Anyone who has ever spent some time on the internet or has glossed through their facebook newsfeed has come across a top 10 of some sort. Buzzfeed is particularly notorious in its lists of things, mostly because of their ability to recycle the same ideas in barely new, meme-filled ways. “Things only 90s kids understand” or something to that effect is a popular one they like to exploit. It’s a very nicely wrapped, easy-to-read way to package thoughts and concepts into boxed constructions and digestible click-bait. A lot of them are harmless but the kind of lists that really get to me are the personality based ones. There are such gems out there such as The Huffington Post’s “18 things creative people do differently”and “10 signs you’re exceptionally smart but don’t appear to be” published by a site called Lifehack.org.
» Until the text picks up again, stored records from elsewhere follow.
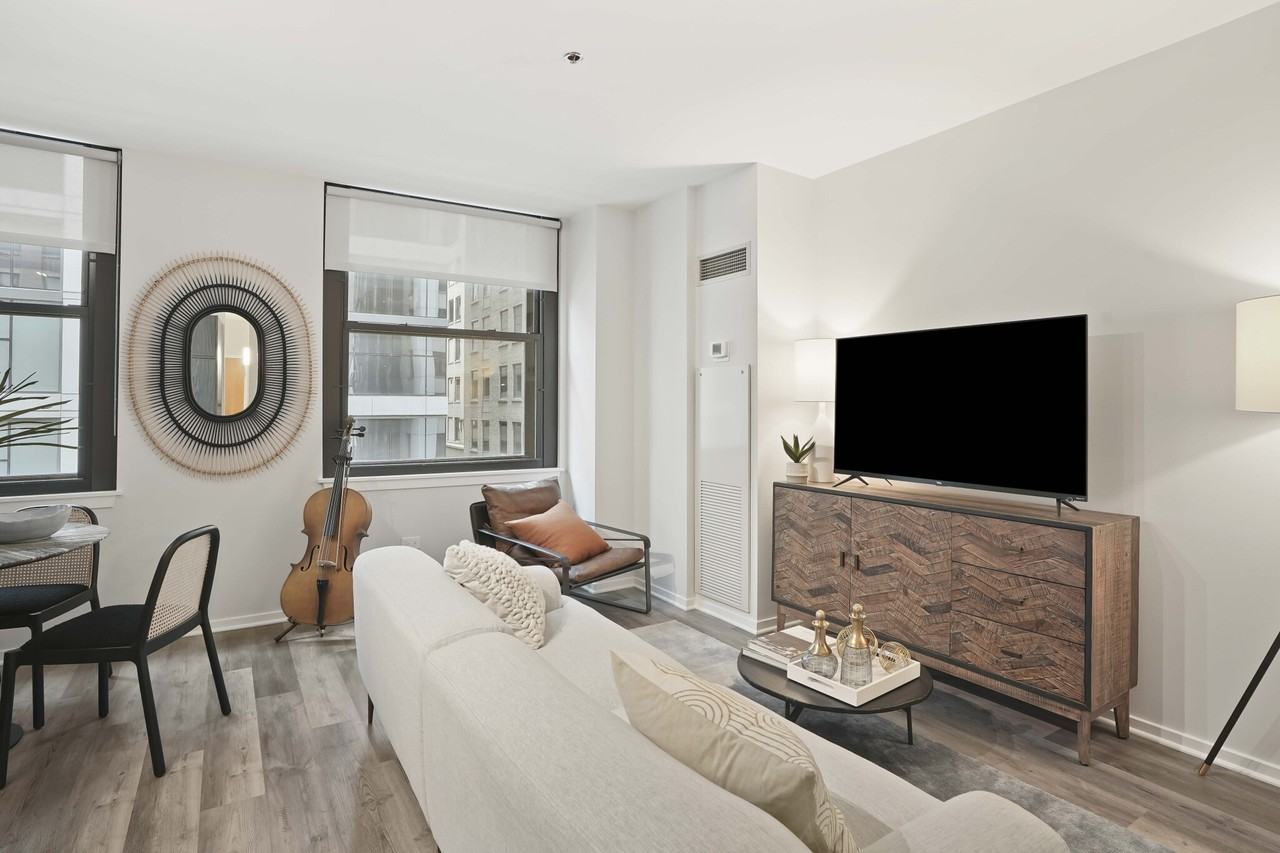 182 W Lake St #1-1 - Photo 4 of 19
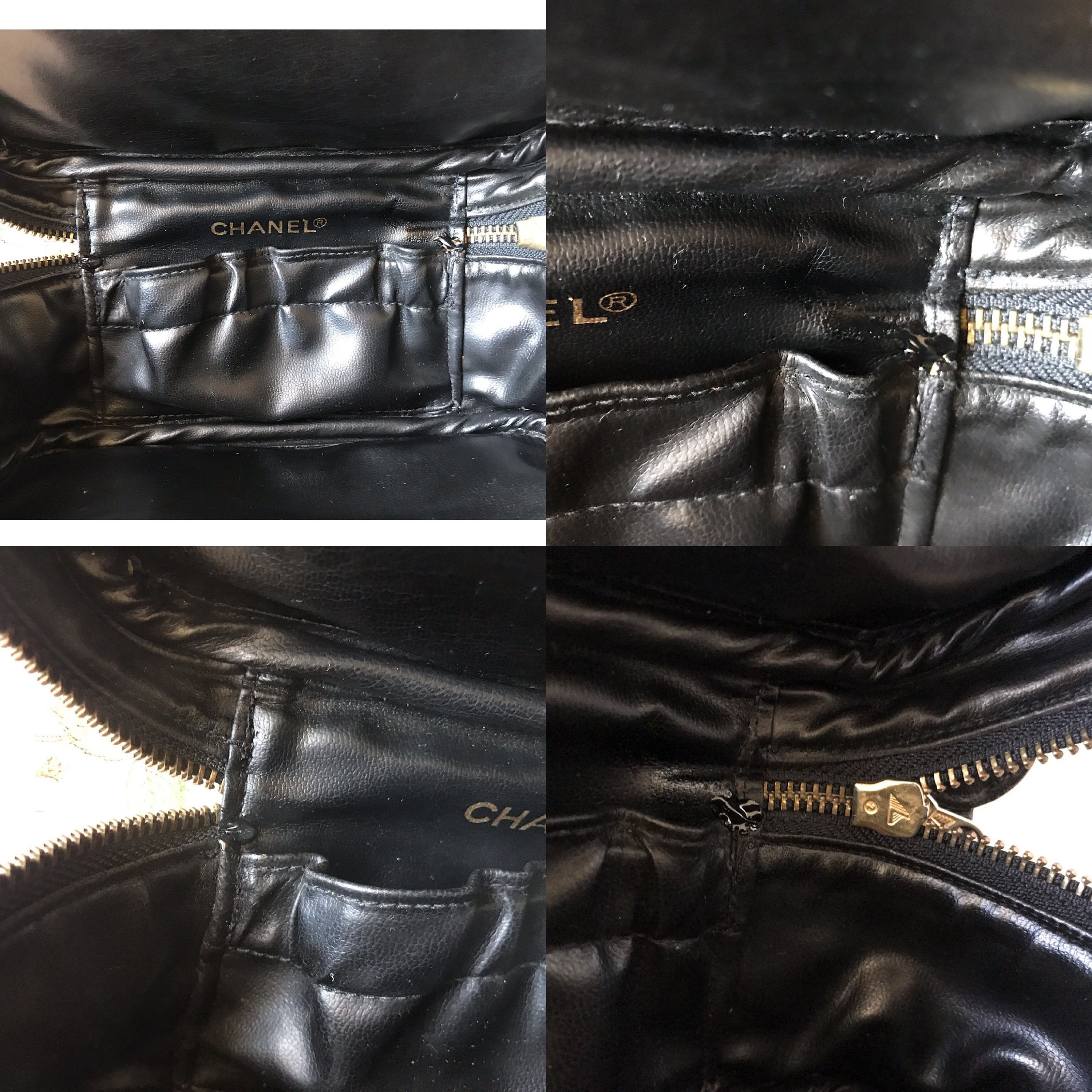 Chanel Vintage CHANEL calfskin cosmetic bag and toiletry purse. Size ONE SIZE - 8 Thumbnail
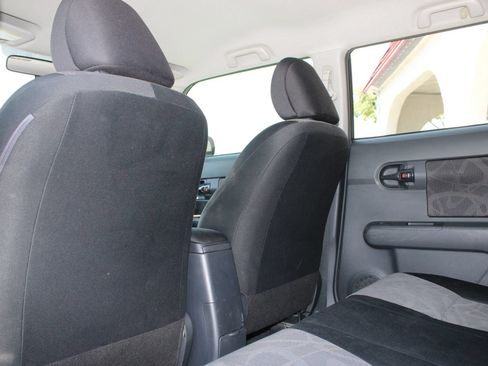 Used 2014 Scion xB FWD image 14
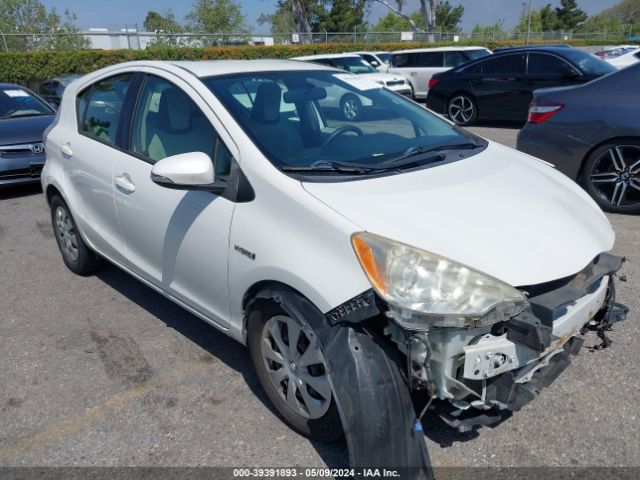 TOYOTA PRIUS C 2013 jtdkdtb3xd1531843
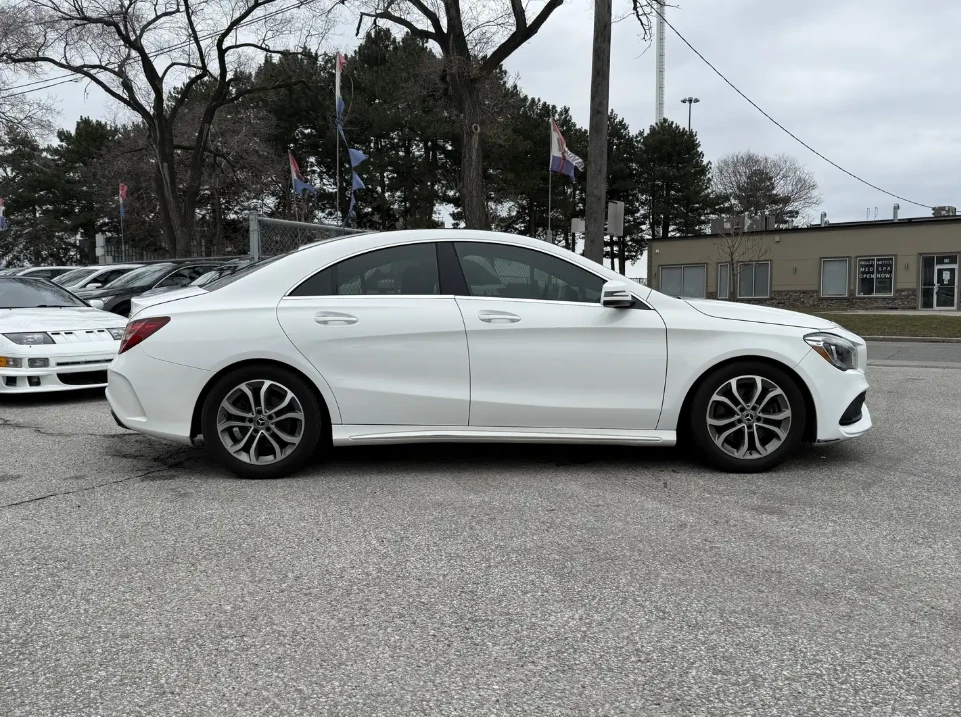 Mercedes-Benz CLA 250 AMG Package * 4 Matic * АвтоКредит* (ЦЕНА ДО БГ), снимка 6 - Автомобили и джипове - 54566725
These are particularly grating but devilishly ingenious.
One such list that stood out to me the most is one very special “Why Most Men Can’t Handle A Deep Woman” with its very “profound”insights stacked neatly from 1 to 10. I don’t have anything against lists but there’s a time and place for such a device. Reinforcing your own pretensions about possessing vaguely positive personality traits is not one of them. These kind of lists are on par with Star Sign readings and how many arbitrary adjectives can be forced into a description of how great being a Leo is (or whatever your sign happens to be). It’s a way of pushing oversimplifications as depth. You’re so intent in acquiescing to the characteristics presented to you that you manipulate your thoughts into agreement.
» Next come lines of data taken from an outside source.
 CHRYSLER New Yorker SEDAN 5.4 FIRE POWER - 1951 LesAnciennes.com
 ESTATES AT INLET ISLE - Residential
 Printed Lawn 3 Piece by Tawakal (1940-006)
My problem with lists like these aren’t so much to do with the subject matter but rather the way in which the article wishes to engage the reader. The power of writing comes in its ability to bring feelings to a substantive form that may have previously been hard to grasp or to open you up to new perspectives. The reasons why all these “word porn”excerpts are so popular is because of how easily accessible they are and more importantly because of the relatable sentiments they are able to capture. When somebody writes “top 10 things creative and intelligent people relate to” or whatever it may be, it’s a form of engaging the reader directly without challenging them. It suggests an exploration into the creative mind but then just goes on to list a few habits that are agreeable to the perfectionist mentality. It doesn’t really teach you anything about these qualities, it just reaffirms them. Short quotes that are smart and insightful are effective in how memorable they are and can therefore leave an impact by having more staying power. More conventional pieces of journalism and opinion pieces make use of persuasive language and reasoning that can be questioned and analysed. There is usually a purpose to these and a point that is trying to be made. When these lists come along, I wonder what is the purpose of “15 things that make you a 90s kid”? So far the only answer I can come up with is this: pandering.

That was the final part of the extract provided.